We need better client support for JMAP. Apple Mail, Thunderbird, Outlook (as if), and so on. I'm surprised some of the smaller ones like Canary or Spark don't implement it as a product differentiator.
Outlook ? Lol. In 2 years-time Outlook will only connect to MS365 and that's it. You're betting MS will switch to JMAP ? Lol again.
P.S. ("New" Outlook already only connects to MS365 servers and then stores your credentials and data on Azure, while they proxy to your actual IMAP/SMTP server )
One big differentiator is JMAP allows one network connection to track new emails that may get delivered across different folders. With IMAP you need a connection open for each folder.
I'd make a reasonable guess that it enables much better Javascript clients, either via Electron or the Web Browser.
You don't need major providers to support it, they support SMTP and that's how messages are relayed. JMAP is just so you: the client, can fetch your mail from wherever you host your mail.
IMAP is a shit protocol in general. Notably, email UIDs are not guaranteed to be static across sessions (aka, next time you connect they may be different), which is just straight up dumb. You IMAP client has to do a lot of workarounds just for this, which leads to gnarly bugs and inefficiences.
That's not strictly true. IMAP has two things, UIDs which are mostly static (there's a UIDVALIDITY cache invalidation key to let a client know that UID information has been lost and recalculated); and message numbers.
UIDs don't change, but of course they can be deleted so it's a gappy list, meaning you can request even quite a large looking range of UIDs and get nothing back.
Message numbers change in every session, and also change every time you get an EXPUNGE. They're basically an ordered list without gaps, so you do a memmove at the offset of the EXPUNGE each time you get an expunge.
There are efforts like UIDONLY (RFC9586) to avoid having to keep that mapping at all, and there's OBJECTID (RFC8474) to let you cache a lot more even when UIDs are changed or when messages are moved between folders.
I don’t even remotely disagree with this. But that wasn’t the point: the point was that JMAP is only a competitive advantage if (major) email providers actually adopt it. Bad technologies regularly win because of inertia.
I agree. For what I read quickly, it seems to be mostly the same stuff but "modernized". It's like the flavor of the day for email technology.
Fundamentally it hasn't really changed much which is why I am a bit skeptical. Sure, you have a "better" and more efficient protocol that is easier to work with/implement but then what?
It's still just email with most of the inherent flaws built in.
I’ve got a friend who’s been pitching me on building a new email client for years. “I’ll do it if we exclusively use JMAP.” “okay does that include Gmail and Apple/iCloud accounts?” “Nope.”

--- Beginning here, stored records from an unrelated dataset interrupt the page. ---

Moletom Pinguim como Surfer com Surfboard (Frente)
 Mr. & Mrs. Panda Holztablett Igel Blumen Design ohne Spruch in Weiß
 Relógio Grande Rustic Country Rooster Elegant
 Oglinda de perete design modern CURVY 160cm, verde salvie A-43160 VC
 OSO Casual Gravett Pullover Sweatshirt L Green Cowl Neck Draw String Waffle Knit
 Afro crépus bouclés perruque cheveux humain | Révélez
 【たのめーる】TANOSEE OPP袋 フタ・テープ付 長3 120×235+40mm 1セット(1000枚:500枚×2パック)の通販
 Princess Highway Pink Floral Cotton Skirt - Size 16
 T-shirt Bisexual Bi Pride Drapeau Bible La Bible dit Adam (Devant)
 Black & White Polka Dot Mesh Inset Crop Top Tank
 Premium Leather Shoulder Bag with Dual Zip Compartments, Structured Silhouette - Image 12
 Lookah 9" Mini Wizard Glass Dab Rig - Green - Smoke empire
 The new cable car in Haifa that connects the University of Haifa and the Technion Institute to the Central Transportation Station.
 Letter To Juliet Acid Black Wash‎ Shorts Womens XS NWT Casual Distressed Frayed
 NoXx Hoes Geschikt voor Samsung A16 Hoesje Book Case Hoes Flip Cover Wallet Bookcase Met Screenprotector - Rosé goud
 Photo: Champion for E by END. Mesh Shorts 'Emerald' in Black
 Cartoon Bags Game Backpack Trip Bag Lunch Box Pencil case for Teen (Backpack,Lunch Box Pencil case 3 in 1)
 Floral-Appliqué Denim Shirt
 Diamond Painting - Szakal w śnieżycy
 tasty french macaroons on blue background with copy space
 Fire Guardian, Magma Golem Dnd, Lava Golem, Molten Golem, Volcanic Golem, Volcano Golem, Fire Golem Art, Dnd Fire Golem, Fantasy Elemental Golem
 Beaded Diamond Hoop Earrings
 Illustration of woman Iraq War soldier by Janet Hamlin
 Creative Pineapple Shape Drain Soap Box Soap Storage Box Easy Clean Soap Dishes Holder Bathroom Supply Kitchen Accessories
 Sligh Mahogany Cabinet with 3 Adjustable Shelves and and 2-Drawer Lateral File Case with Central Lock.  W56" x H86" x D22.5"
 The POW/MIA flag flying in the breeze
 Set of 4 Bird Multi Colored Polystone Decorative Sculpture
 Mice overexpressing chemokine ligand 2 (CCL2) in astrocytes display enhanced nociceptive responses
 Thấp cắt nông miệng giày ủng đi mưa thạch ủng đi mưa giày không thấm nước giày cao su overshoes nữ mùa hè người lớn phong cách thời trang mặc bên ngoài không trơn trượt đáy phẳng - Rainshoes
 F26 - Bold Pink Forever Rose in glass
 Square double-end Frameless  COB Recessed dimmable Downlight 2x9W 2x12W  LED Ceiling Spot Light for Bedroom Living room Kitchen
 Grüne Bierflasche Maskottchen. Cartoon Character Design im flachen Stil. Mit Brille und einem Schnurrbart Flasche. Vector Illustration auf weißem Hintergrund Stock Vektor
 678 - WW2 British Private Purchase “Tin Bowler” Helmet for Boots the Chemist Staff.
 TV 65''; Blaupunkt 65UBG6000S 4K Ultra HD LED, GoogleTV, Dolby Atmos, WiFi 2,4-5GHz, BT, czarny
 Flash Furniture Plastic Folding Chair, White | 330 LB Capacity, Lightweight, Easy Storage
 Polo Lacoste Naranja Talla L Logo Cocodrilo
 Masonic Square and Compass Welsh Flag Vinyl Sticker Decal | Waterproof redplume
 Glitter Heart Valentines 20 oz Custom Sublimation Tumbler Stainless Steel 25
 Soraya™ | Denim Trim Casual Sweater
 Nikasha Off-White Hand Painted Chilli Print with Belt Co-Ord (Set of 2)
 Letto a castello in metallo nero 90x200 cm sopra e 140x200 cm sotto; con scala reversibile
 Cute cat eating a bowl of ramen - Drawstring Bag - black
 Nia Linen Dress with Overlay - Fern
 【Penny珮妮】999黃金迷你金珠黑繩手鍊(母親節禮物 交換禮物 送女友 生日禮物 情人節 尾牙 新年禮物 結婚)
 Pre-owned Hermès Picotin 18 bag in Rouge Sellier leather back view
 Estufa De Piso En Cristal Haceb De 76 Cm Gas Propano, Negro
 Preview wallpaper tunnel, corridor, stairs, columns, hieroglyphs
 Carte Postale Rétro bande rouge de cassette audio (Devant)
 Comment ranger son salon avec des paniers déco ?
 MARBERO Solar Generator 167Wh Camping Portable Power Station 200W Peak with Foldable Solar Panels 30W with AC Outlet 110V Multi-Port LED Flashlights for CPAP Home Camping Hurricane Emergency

I could sort of see dual-supporting Gmail's proprietary API and JMAP, but unless the #2-5 competitors support it… what’s the point? (sorry to put on the pessimism hat)
There isn’t really a great motivating feature or use-case driving client or server adoption.
To be honest, I’m not sure why end-users would want JMAP for e-mail access.
It would be interesting if they do successfully roll out all of these additional RFC proposals providing a cohesive “groupware” protocol covering calendering, contacts, file shares, etc, we see notable server implementations, and interest is enough to drive client support.
People say things like that, and I wonder if I’ve just been living in a gilded tower of using Apple Mail with decent IMAP server implementations.
I’m also pretty familiar with the wire protocol and its implementation — it’s never struck me as particularly horrible.
A new protocol isn’t likely to solve the problem of poorly implemented clients and servers — e.g. Google doesn’t really care about good IMAP support, so they’re unlikely to care much about JMAP, either. They just want you to use their webapp.
Sounds like it :) I’ve been very happy with Mail.app since MacOS 10.0. My use has always been with my employer’s IMAP servers, and my own cryus (and eventually) dovecot self-hosted IMAP servers.
Mail.app is what NeXT used internally, and Apple uses to this day AFAIK. Steve Jobs historically paid a lot of attention to it and wasn’t shy about weighing in on any changes.
Most of the complaints that I’ve heard about it seemed to stem from poor IMAP servers (e.g. Gmail), but it sounds like your knowledge in the space would be a lot more detailed and recent than mine, so I would be very interested in your thoughts.
Gmail does indeed _intentionally_ provide poor IMAP service. But the long and short of it is that Apple Mail simply isn't a first-class product. It's an afterthought.